The K Rule: Authority Selection

Deterministic curation of high-impact precedents using global network centrality scores.

The Selection Problem

A typical Supreme Court opinion contains dozens of citations. Including all of them would create unwieldy context packets, while including too few might omit critical precedents. The K Rule provides a principled method to select the most authoritative citations for inclusion in ResearchPacks.

SCOTUS

Fowler Score

Derived from network analysis of the U.S. Supreme Court citation graph.

Landmark 0.9-1.0
Strong 0.5-0.9
CAP

PageRank Percentile

Centrality measured across the broader Federal reporter citation network.

High Centrality Top 10%
Supplementary Top 25%

The K Values

We analyzed authority score distributions across 20,402 anchors to determine the "sweet spot" where authority quality remains high without bloating the context budget.
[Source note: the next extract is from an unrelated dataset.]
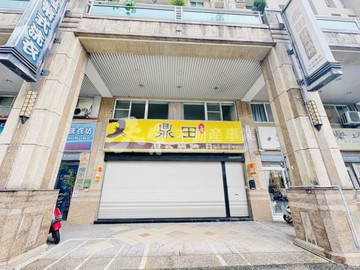 【小港森林公園】大面寬樓店｜高雄市小港區華山路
Source K Value Mean Authority Quality Rationale
SCOTUS 10 0.76 (Fowler) Landmark-heavy selection; maintains high precedential density.
CAP 5 0.72 (PageRank) Focused set of supplemental circuit/district authorities.

How Selection Works

The process is fully deterministic and occurs during the pipeline build-time (Stages 3.7 to 4A).

# Stage 3.7 Process 1. Rank all citations by Fowler / PageRank 2. Generate ranked.jsonl maps per anchor # Stage 4A Build 3. Apply K Rule (Top 10 / Top 5) 4. Record audit trail in doc3.json: { "scotus_k_config": 10, "selected": 8, "shipped": 8 }

Tie-Breaking Policy

In cases of identical authority scores, ties are broken lexicographically by the citation string (e.g., "410 U.S. 113" < "411 U.S. 1"). This ensures 100% deterministic selection across runs.